<<<<
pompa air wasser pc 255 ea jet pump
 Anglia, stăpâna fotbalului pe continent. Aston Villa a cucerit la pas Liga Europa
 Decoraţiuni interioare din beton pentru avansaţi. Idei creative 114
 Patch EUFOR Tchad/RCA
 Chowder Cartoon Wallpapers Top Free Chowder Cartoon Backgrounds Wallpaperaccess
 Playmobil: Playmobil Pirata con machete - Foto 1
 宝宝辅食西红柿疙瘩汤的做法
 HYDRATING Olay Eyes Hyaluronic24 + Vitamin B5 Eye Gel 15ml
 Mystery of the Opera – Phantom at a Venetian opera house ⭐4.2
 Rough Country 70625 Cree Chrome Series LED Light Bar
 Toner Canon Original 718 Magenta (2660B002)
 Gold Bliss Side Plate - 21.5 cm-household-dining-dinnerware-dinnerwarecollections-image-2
>>>>
Your objective: What you return should be exactly the lines above, starting at the one with "Anglia, stăpâna fotbalului" and ending at the one with "Patch EUFOR Tchad/RCA", and nothing else.

Exercise response:
 Anglia, stăpâna fotbalului pe continent. Aston Villa a cucerit la pas Liga Europa
 Decoraţiuni interioare din beton pentru avansaţi. Idei creative 114
 Patch EUFOR Tchad/RCA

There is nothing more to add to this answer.